БР: Пока мы ехали из университета, я говорил Джозетте: если мы о частях речи — разламывании языка, — мне это всегда было трудно, но за сочинения мне, как правило, ставили «отлично с плюсом». Однако это преимущественно потому, что я много читал. Ловил нюансы и сейсмографически ухватывал… писал ну примерно как на банджо на слух играть: если читаешь много хорошей литературы, неизбежно проявится.
БУК: Это правда.
ДЖО: Но этого мало.
БУК: Да, еще нужно жить. Но все равно ничто не сравнится с чтением хороших писателей. Когда я только начинал, я понимал, что пишу очень плохо, — и я брал книгу Д. Г. Лоренса, который, за исключением «Кенгуру» и еще нескольких вещей, очень быстро написанных ради денег, всегда затягивал мою писанину туже, подчищал. Мне он больше не нужен. На самом деле сейчас он на меня тоску наводит. Но в то время — нет. Наше представление о писателях меняется, понимаете, по ходу дела. Помню, я считал великим гением Томаса Вулфа — знаете, когда был молод. Я говорил: «Боже праведный, вот же был человечище!» А теперь читаю и говорю: «Театральщина… просто ужас». Слов не хватает.

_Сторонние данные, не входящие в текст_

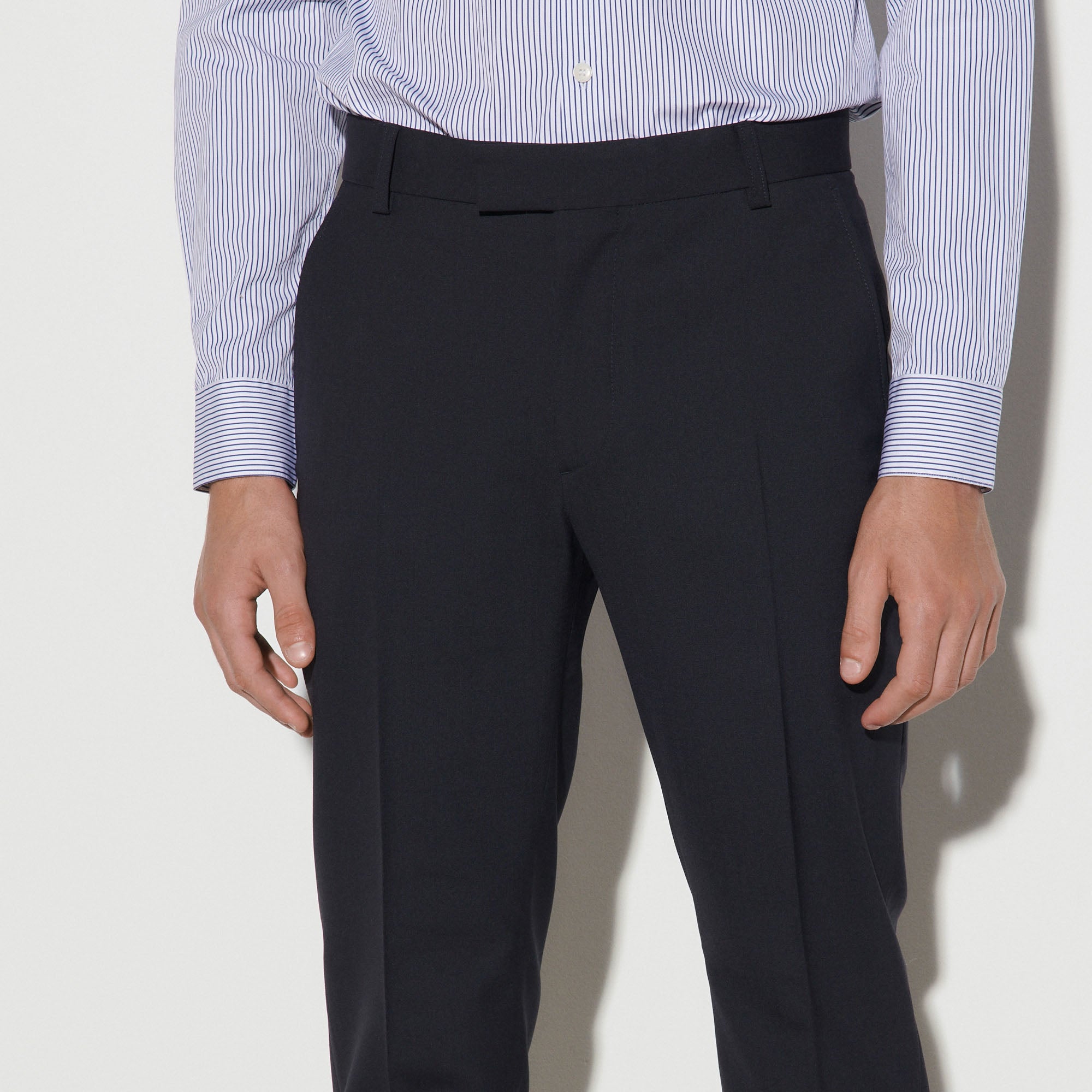 Pantalon en laine froide Sandro seconde main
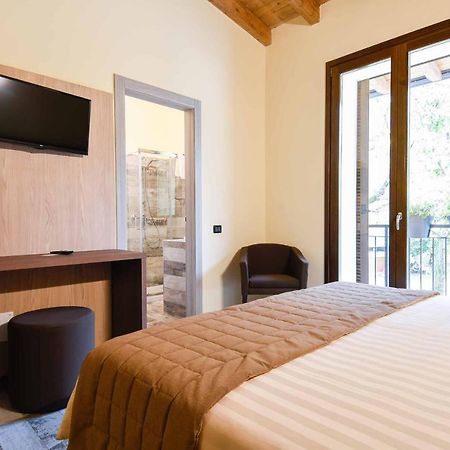 Agriturismo Ippolita Lucchetti Cene Extérieur photo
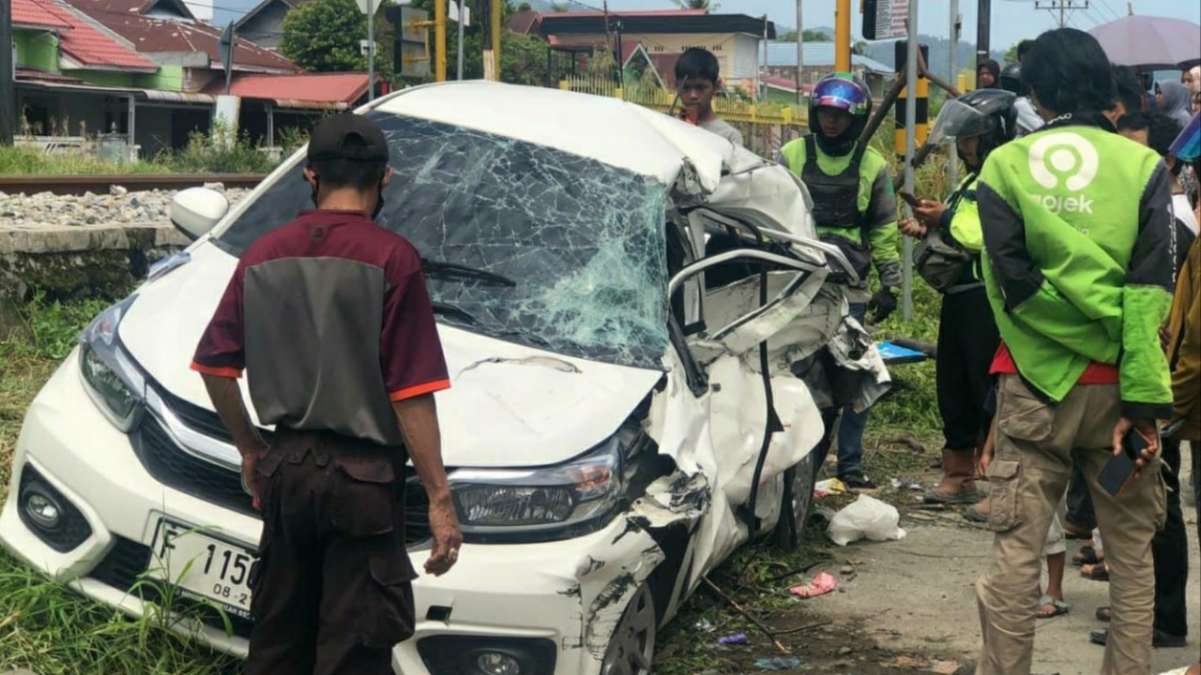 Kereta Tabrak Brio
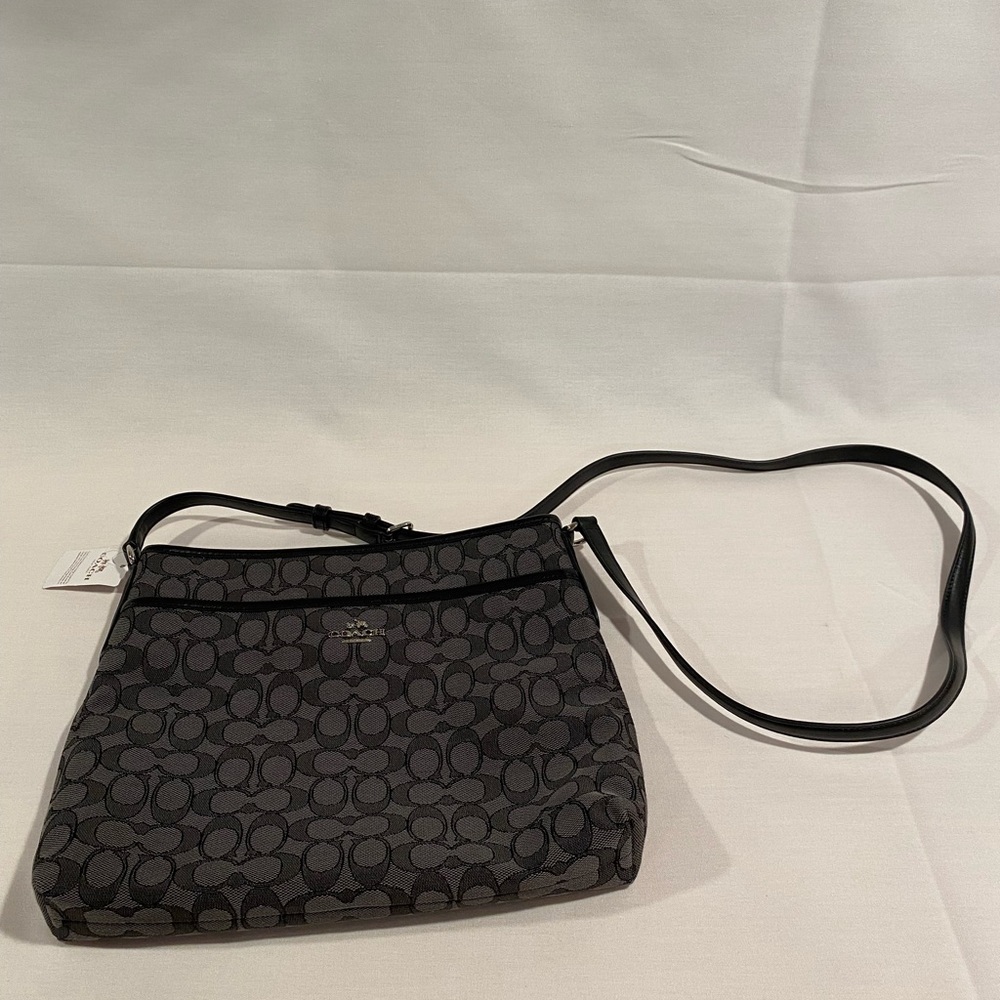 Coach F58285 Outline Sig File Bag black/smoke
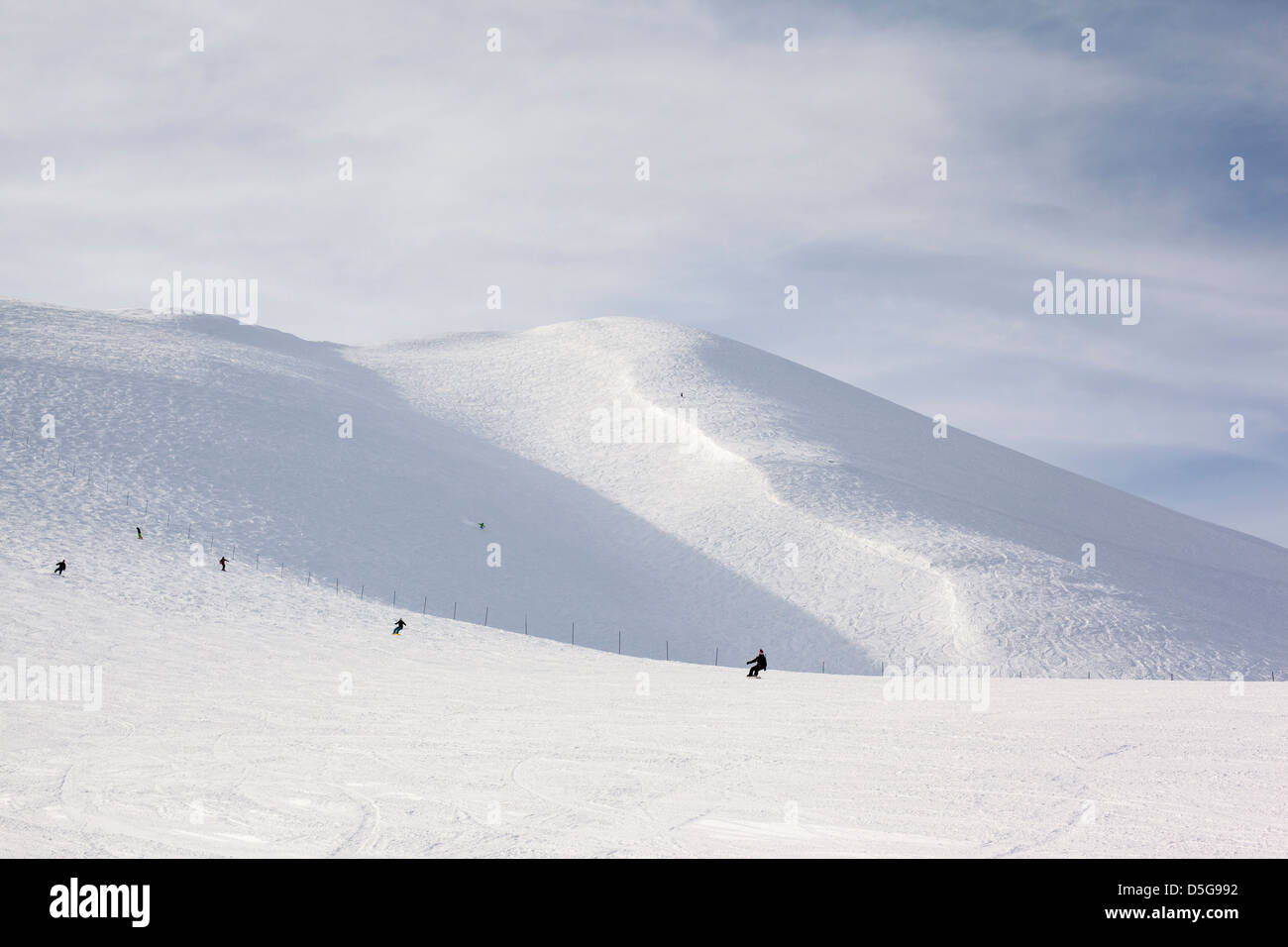 Vista generale delle piste da sci sul Monte Niseko Annupuri presso il resort di Niseko in Giappone. Foto Stock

БР: Это как самолет разгоняется по взлетной дорожке и ему ветра как бы не хватает для взлета — мощи много, но лопасти пропеллера не совсем… вгрызаются в воздух, понимаете.
БУК: Это вы очень хорошо сказали, да.
БР: По-моему, когда я только начинал его читать, мне казалось: ух, черт, да ему же, наверно, лет семьдесят пять, шестьдесят восемь, может, — какая глубина и проницательность, какие знания, — однако теперь я вижу то же, что и вы. Теперь я думаю, проживи он больше своих тридцати восьми, или сколько ему там было, — вот поживи он подольше, женись на той бабе, той девке, за которой все время бегал, выдержи он то, что его подбило…[62] или дотяни до Второй мировой, или, скажем, живи он сегодня, — так вот, мне кажется, письмо у него бы изменилось — неизбежно изменилось бы — или вообще ушло бы.
БУК: Оно и менялось. Его последняя книга… была… нет… он там не ходил вокруг да около, что сначала было как бы интересно. Но все равно скучно. Хоть он гайки и подкрутил, скучно осталось. Ну, тут не поймешь. Некоторые умеют писать, лишь когда молоды.
БР: А для вас что самое трудное в механическом создании стихотворения? Начинается ли оно вообще с вас? Пишете ли вы сперва весь черновик — более-менее в один присест, или оно как-то потихоньку сгущается?..
БУК: Я об этом даже не думаю — однажды приходишь домой с бегов… обычно лучше при этом сотню долларов проиграть. Открываешь себе пиво, садишься и начинаешь писать стихотворение. Я обычно пишу десять-пятнадцать зараз, а наутро смотрю на них и говорю, ну вроде: «Это вообще не годится, а вот из этих шести нужно некоторые строчки повычеркивать, а остальные три и так пойдут». Это я как бы по ходу дела такому трюку выучился. Раньше я никогда ничего не менял, знаете, когда только начинал, а теперь, когда я… стал объективным, наверное, — ну, это плохая строка, ужасно!
БР: Когда вы говорите — десять-пятнадцать одновременно, они более-менее в одной струе?
БУК: Нет, они все о разном. Я даю чему-то нарасти, а потом нечто спускает курок, и все они выходят. Я ж говорю: проиграть сотню долларов на бегах — большая подмога искусству.
БР: Вы считаете, скачки здорово пополняют ваш доход?
БУК: Налоговая нас слушает? Скажем так, в последнее время, как открыли состязания упряжек, я туда езжу и зарабатываю там на жизнь. Но до прошлого месяца или около того — я бы сказал, весь год — я в дыре, в минусах. Но недавно мне стало все удаваться, может, потому, что приходится.